[Mesa-dev] TGSI and Tessellation Control Shader outputs

Mon Sep 1 09:00:13 PDT 2014

Am 29.08.2014 22:44, schrieb Ilia Mirkin:
> Hello,
> 
> I've been thinking a bit about how to properly implement TCS outputs
> in TGSI. As a quick reminder, there are per-vertex (i.e. invocation)
> and per-patch outputs in TCS. And while you can only write to the
> current invocation's per-vertex outputs, you can read from any of
> them. (With barrier() used to synchronize invocations.)
> 
> Per-patch outputs map quite nicely onto the existing infrastructure,
> so the rest of the questions will be about per-vertex outputs.
> 
> One can represent per-vertex outputs as 2D output arrays. That means
> support for them needs to be added all over (which I've actually done,
> so I'm not complaining about the extra work but rather asking if it's
> a good idea). And then you might have
> 
> DCL OUT[][0], GENERIC
> MOV ADDR[1].x, SV[0] /* invocation id */
> MOV OUT[ADDR[1].x][0], TEMP[0] /* store value */
> BARRIER
> MOV TEMP[0], OUT[3][0] /* read output from invocation == 3 */
> 
> The advantage here is that it's all nice and consistent. However the
> disadvantage is that we have to add a totally useless read of the
> invocation id and use it as a relative index for the store. At least
> the nvidia shaders don't even have a way of writing other invocations'
> data even if they wanted to (without resorting to global memory
> accesses). So it's complicating all sorts of logic for apparently no
> real benefit.
> 
> Another approach might be to bypass the invocation id on storing the
> output, but using it on reads.

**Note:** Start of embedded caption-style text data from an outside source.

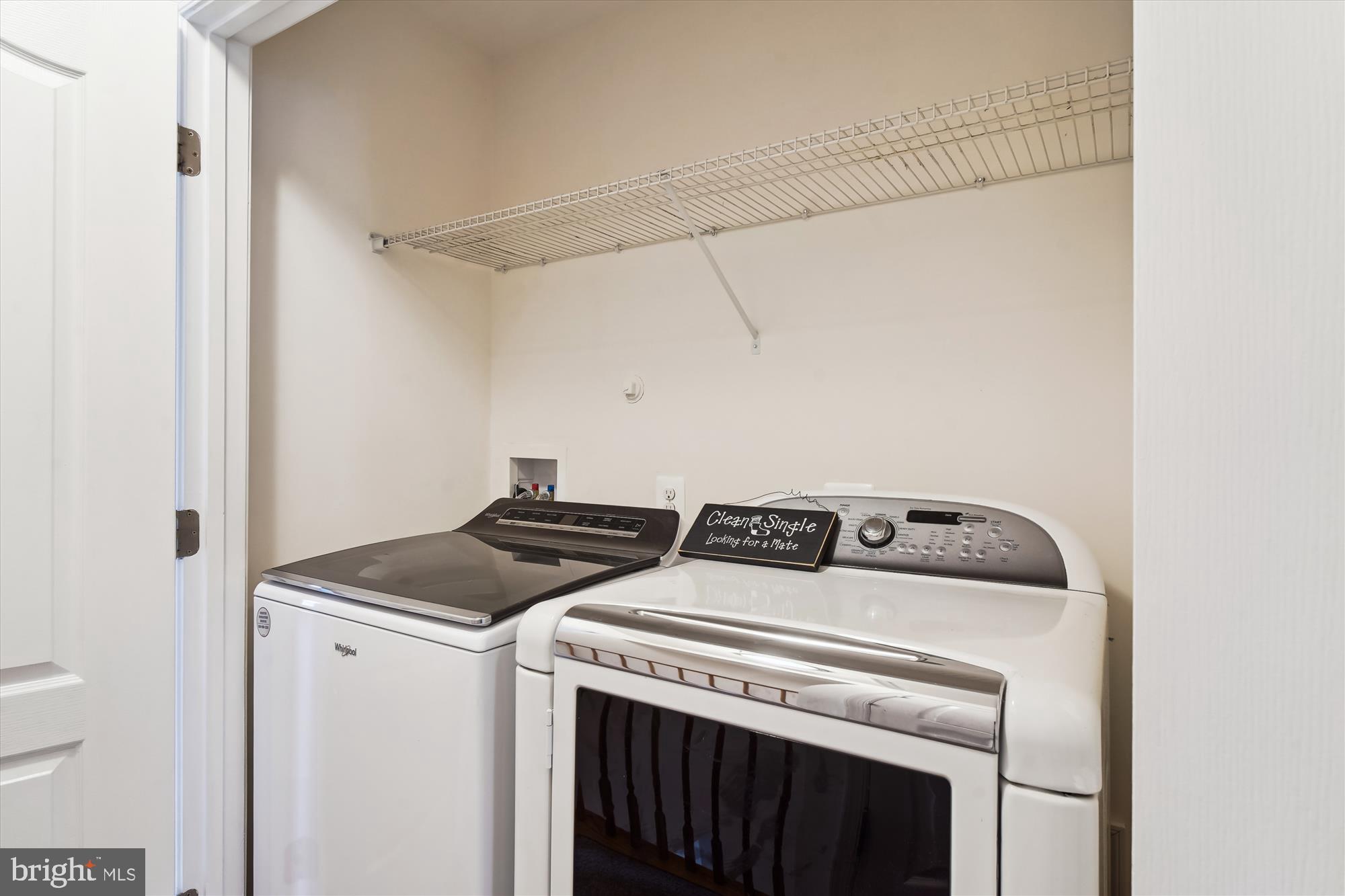 MARKET SQUARE - Residential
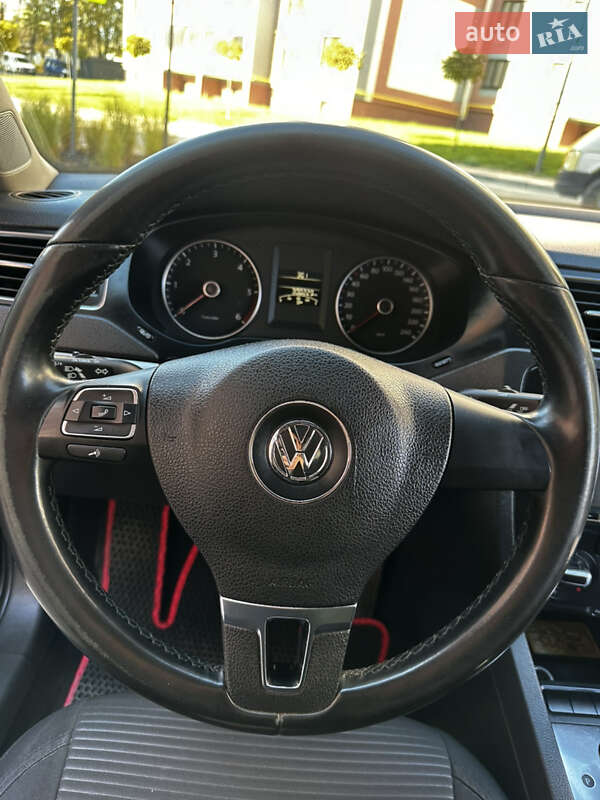 Седан Volkswagen Jetta 2013 в Тернополе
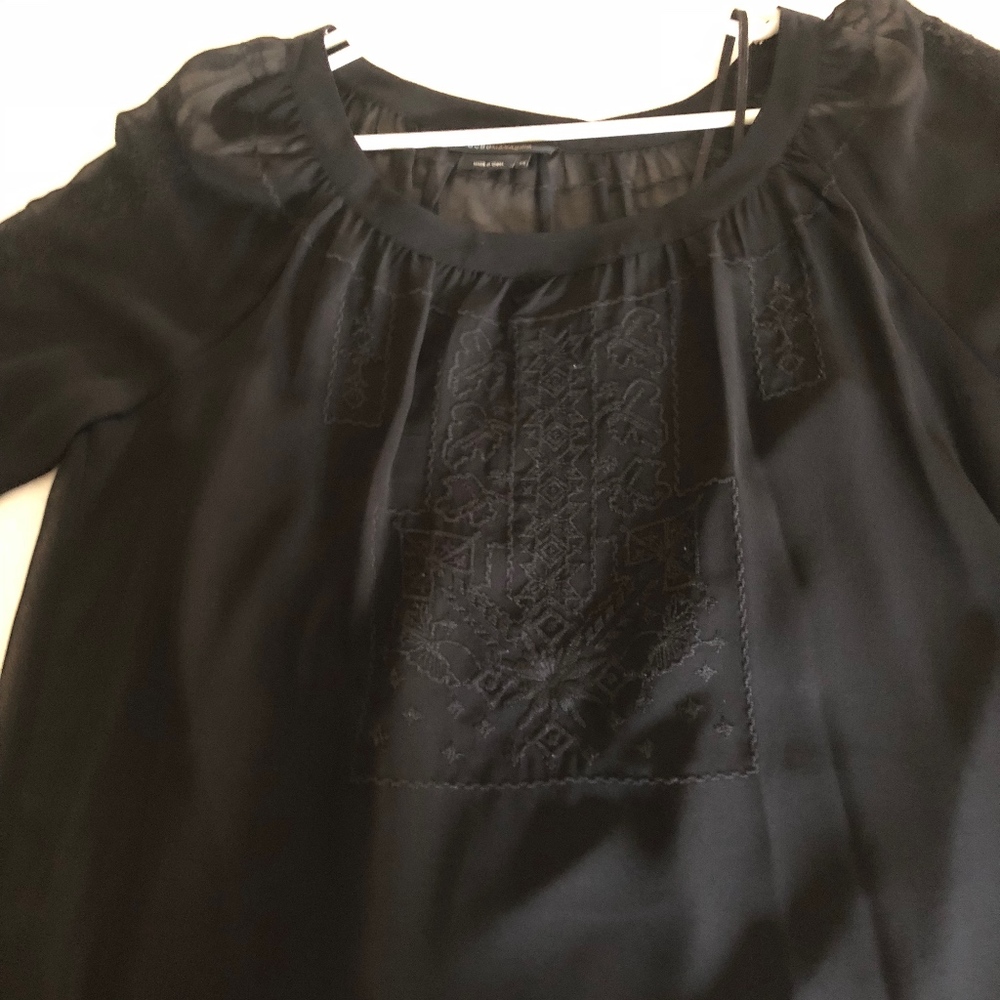 BCBG blouse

For example code like
> 
> DCL OUT[0], GENERIC
> MOV OUT[0], TEMP[0]
> BARRIER
> MOV TEMP[0], OUT[3][0]
> 
> This avoids having to teach tgsi about 2d outputs (esp reladdr ones).
> This seems a lot simpler, but it ignores the gl_InvocationID indexing
> that happens when writing the output. However I don't think that's so
> bad. It also means that reads and writes are interpreted a little
> differently for OUT's, but that doesn't seem so bad either.
> 
> Thoughts?
> 

I think in the second case though it should be required to declare the
inputs separately. It sounds to me like at least on nv50 the access
works different in any case (even if the actual data accessed is the
same). Though I have no idea how other hw handles this, but in any case
hull shader from d3d11 uses 2d addressed inputs but 1d addressed outputs
too -
http://msdn.microsoft.com/en-us/library/windows/desktop/hh447211%28v=vs.85%29.aspx
(though I don't know how that looks like at the ddi level). Probably GL
used 2d outputs because it indeed looks more consistent (or perhaps some
extension could lift the restriction that only the current invocation be
written, though I'm not sure if that would ever make sense).
So I think if it doesn't actually make sense to try writing to other
outputs, option 2) makes more sense. I think though in this case the
outputs should probably be strictly write-only, I'd guess it would get
messy otherwise if you try to read some other invocations data vs.
reading back the current one.

But I don't really have much of an idea about tesselation, really.

Roland